Task brief.
Look through the material below. Return exactly the lines from the one with "Custom cheap rustic" through the one with "18K Gold Filigree", both included.

Data for the task.
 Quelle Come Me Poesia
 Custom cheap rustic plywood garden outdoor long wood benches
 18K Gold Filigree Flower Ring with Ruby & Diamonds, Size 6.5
==
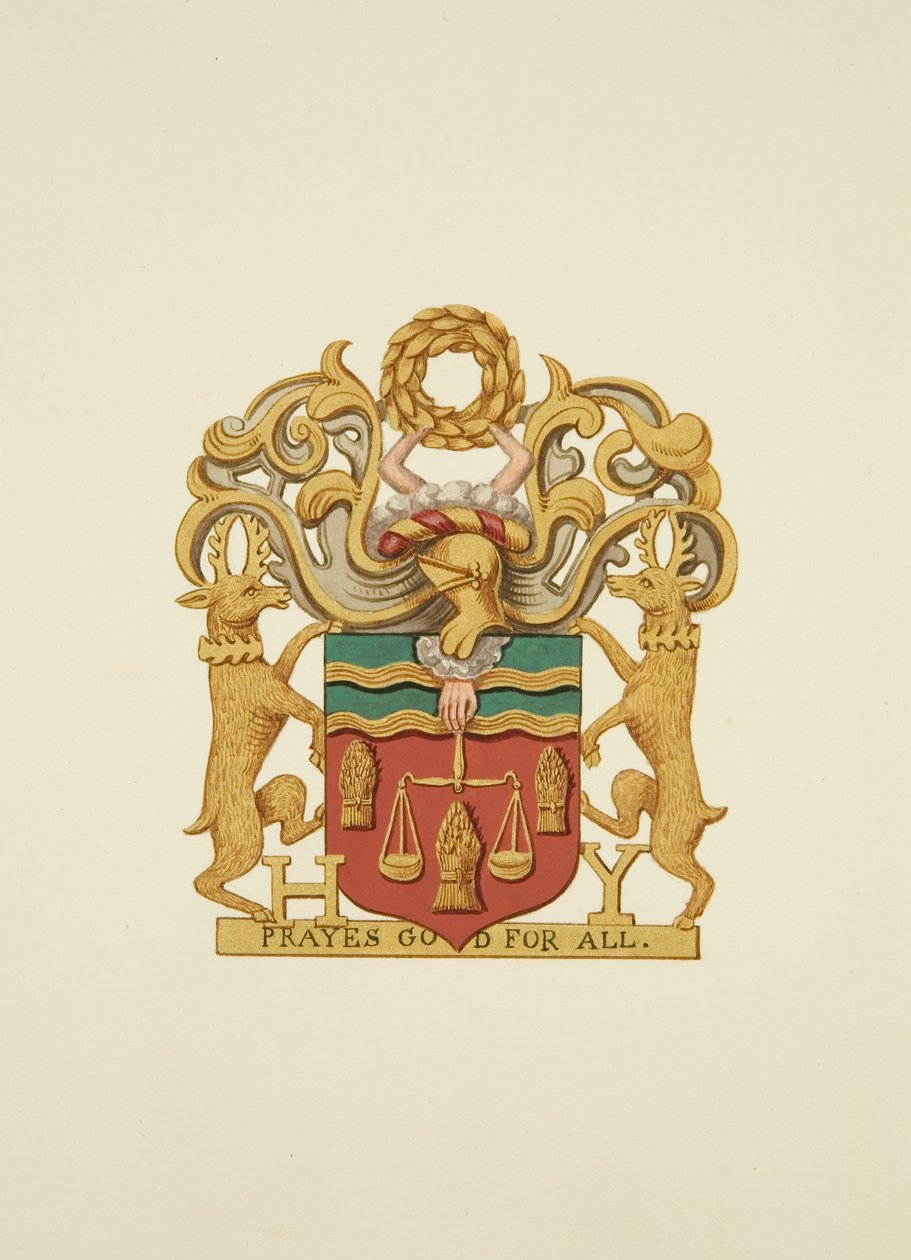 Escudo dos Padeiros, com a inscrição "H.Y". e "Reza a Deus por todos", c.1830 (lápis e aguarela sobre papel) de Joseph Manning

Solution.
 Custom cheap rustic plywood garden outdoor long wood benches
 18K Gold Filigree Flower Ring with Ruby & Diamonds, Size 6.5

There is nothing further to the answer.